I’m currently five hours into a 14 hour layover in Korea on my way to Ho Chi Minh City in Vietnam following the typhoons that struck the county.
While we are beyond excited to be looking into our first deployment, we’re also unable to take our eyes off the tragedy that is unfolding in Haiti.
As disaster response workers who have lived in earthquake zones, we all feel the personal pull of Haiti, and for a time we wavered asking ourselves whether or not the Haitian earthquake should change our plans to deploy to Asia. It’s a complicated question, with a complicated answer.

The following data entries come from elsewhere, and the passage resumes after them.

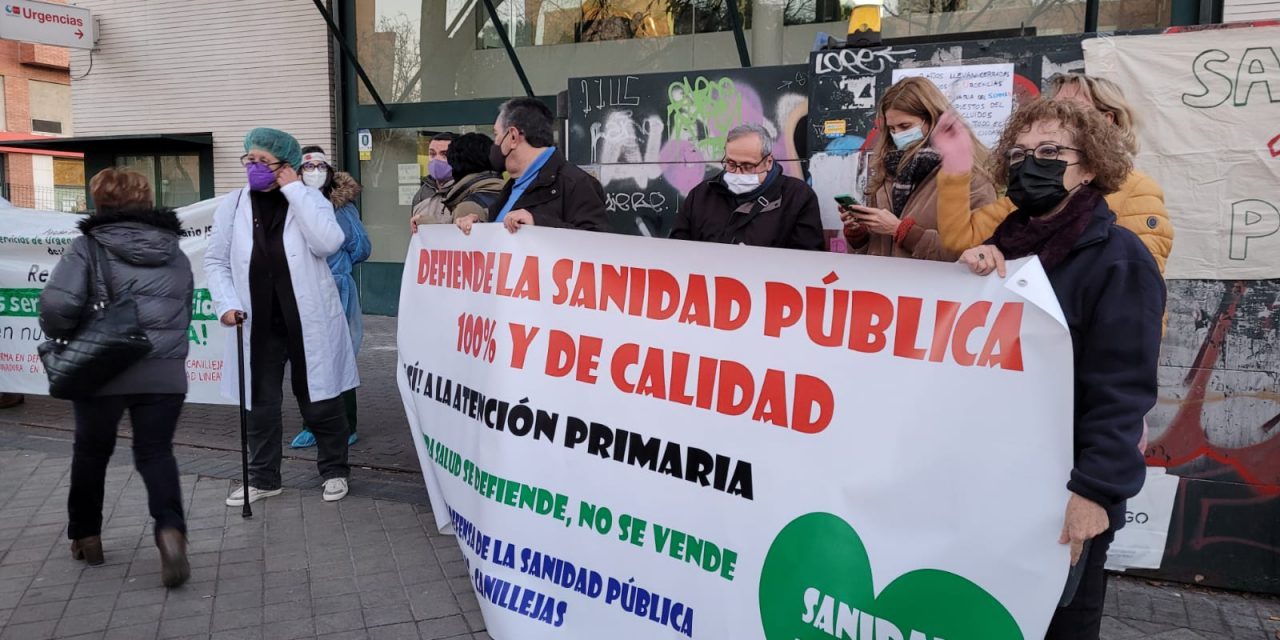 Galería de imágenes de una semana de concentraciones por la reapertura de las Urgencias de Atención Primaria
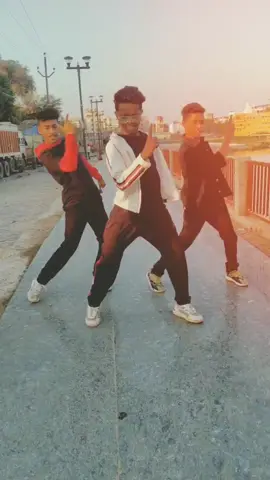 yummy 😋 with @_.wild._.peace._  @vishal_davis8010 #viral #foryou #trending #dance #danceindia #justinbieber #ayushdavis #india #boyschallenge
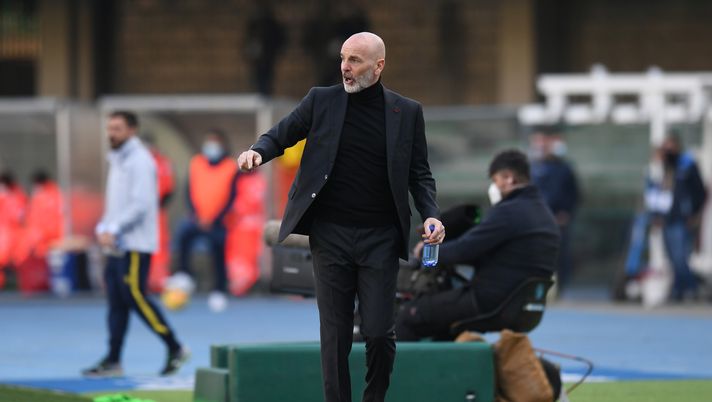 VERONA, ITALY - MARCH 07: Stefano Pioli, Head Coach of A.C. Milan gives his team instructons during the Serie A match between Hellas Verona FC and AC Milan at Stadio Marcantonio Bentegodi on March 07, 2021 in Verona, Italy. Sporting stadiums around Italy remain under strict restrictions due to the Coronavirus Pandemic as Government social distancing laws prohibit fans inside venues resulting in games being played behind closed doors. (Photo by Alessandro Sabattini/Getty Images) Squalifica confermata, salterà il match contro il Milan - immagine 1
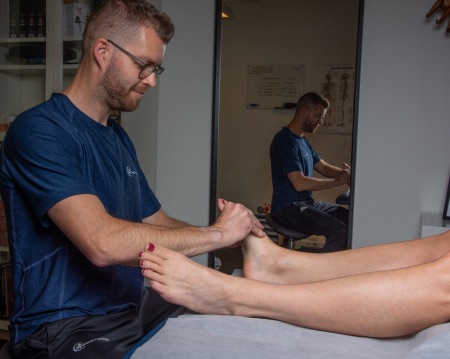 Nicolai behandler en patients ben og fod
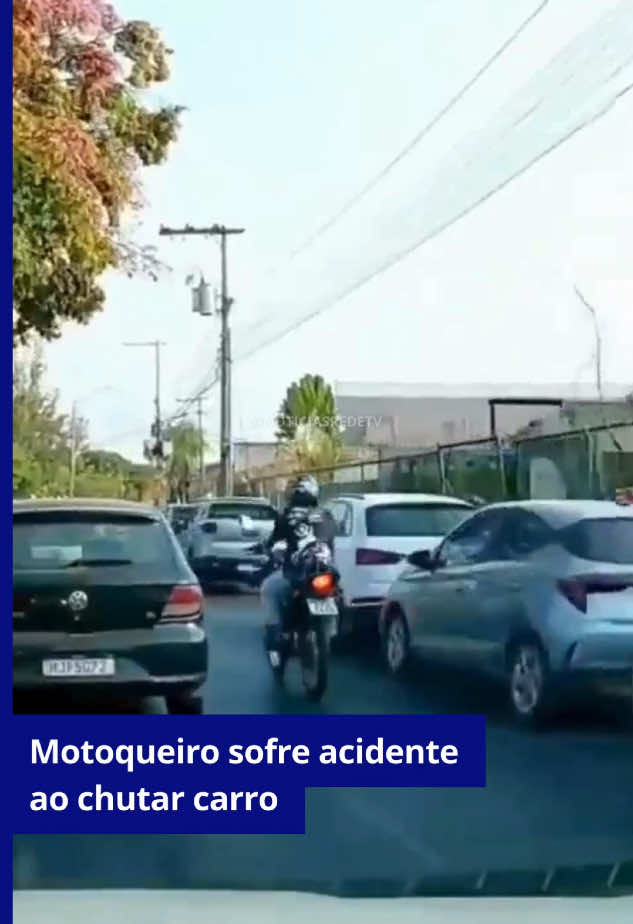 Um motociclista viralizou nas redes sociais após tentar quebrar o retrovisor de um carro e se dar mal.... O rapaz tentou se vingar após ser fechado pelo automóvel e acabou caindo! O motoqueiro não se machucou, porém gerou prejuízos a ele e aos carros próximos que foram atingidos. . . . Reprodução: Redes Sociais #news #jornalismo #noticias #informação #redetv #info #moto #batida #carro #acidente 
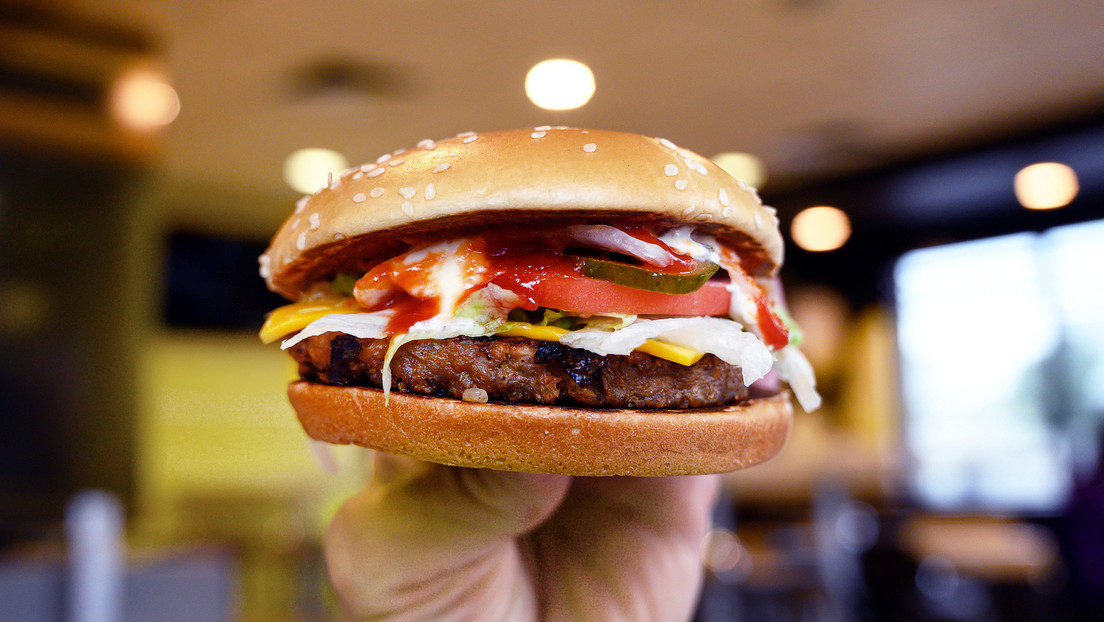 VIRAL: Se graba todos los días comiendo más de cinco hamburguesas del McDonald’s (VIDEO)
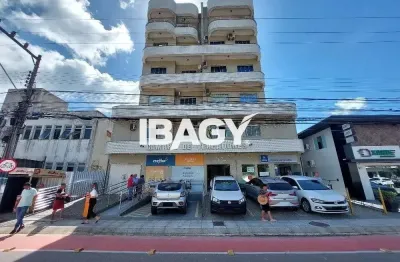 Sala comercial para alugar na Rua Hermogenes Prazeres, 79, Centro, Biguaçu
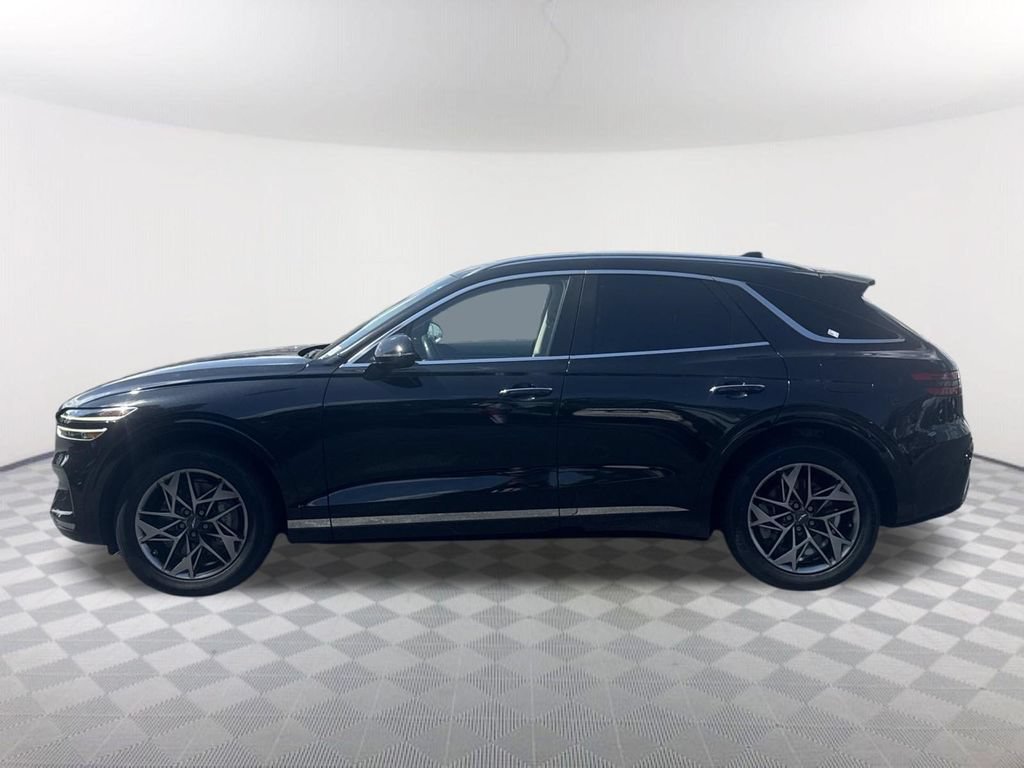 Used 2023 Genesis GV70 2.5T w/ Advanced Package AWD/4WD image 8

Our immediate response was that we can’t go to Haiti because our funds are allocuted to Asia. But we have a clause on all of our fundraising documents giving us the ability to move funds should we feel it’s necessary. Is it a great idea? No. It betrays the trust of our donors, but it is possible, so this simple answer didn’t wash.
There are also a host practical reasons for a small charity to stay out of Haiti. Every NGO and its brother are on the ground in Haiti at the moment, and coordinating between organisations is an on-going problem. For a small group like EDV, we have to weigh the good we could do against the added clutter we would cause on the ground.
We’ve set EDV up as a long term disaster response organisation, meaning that we aren’t set-up to deal with the challenges of immediate response work in a country as challenging as Haiti.
These are all good, reasonable reasons for EDV to choose not to work in Haiti. But there is also a much more basic, fundamental question to consider. Despite the tremendous suffering in Haiti, there are also disaster survivors across Asia who are still living in terrible squalor following disaster that happened several months ago. Their struggle seems less immediate to us as we watch the disaster unfold in Haiti, but it’s still happening. Vietnamese disaster survivors are still living without basic necessities. Sumatran earthquake survivors are still living in the shadow of unsafe buildings that have yet to be demolished.
Of course, the disaster in Haiti is on a much more massive scale than those that struck Asia and its effects are made worse by Haiti’s pre-existing extreme poverty. It was one of the most vulnerable countries in the world. But when you compare a devastated community of 50 in Haiti to a devastated community of 50 in Vietnam, whose suffering outweighs whose? Should the disaster in Haiti mean that our plans in Asian change?
And perhaps that points to a more general question in post disaster aid work; how do you decide who to help? Resources are always limited, and it’s likely that no aid organsiation will ever be able to help everyone all the time. So how do you choose? Whose suffering trumps whose?
These caused me a lot of heartache working with two aid groups on the ground in Peru, as I’m sure they cause stress of aid workers across the globe. They have no easy answers.
For EDV, the choice to continue with our plans in Asia rather than respond to Haiti was made out of practicality and our committment to long term reconstruction aid rather than immediate response. We think Haiti is best left to immediate response groups at the moment, and long term reconstruction aid is exactly the kind of help needed in Asia at the moment. But that doesn’t mean we’re turning our backs on Haiti. Their recovery will take years, and long term groups will likely be in Haiti for some time to come.
Our deployment in Asia will begin with an assessment in Vietnam . While Vietnam did not receive as much press as the Philippines, it was hit hard by a succession of typhoons in September, October, and November. The storms destroyed 24,000 homes and damaged a further 579,000. In a country as disaster prone as Vietnam, long-term recovery is essential to ensuring that the population becomes resilient to the typhoons that often lash the area. And after 18 months of set-up, we’re looking forward to getting our hands dirty.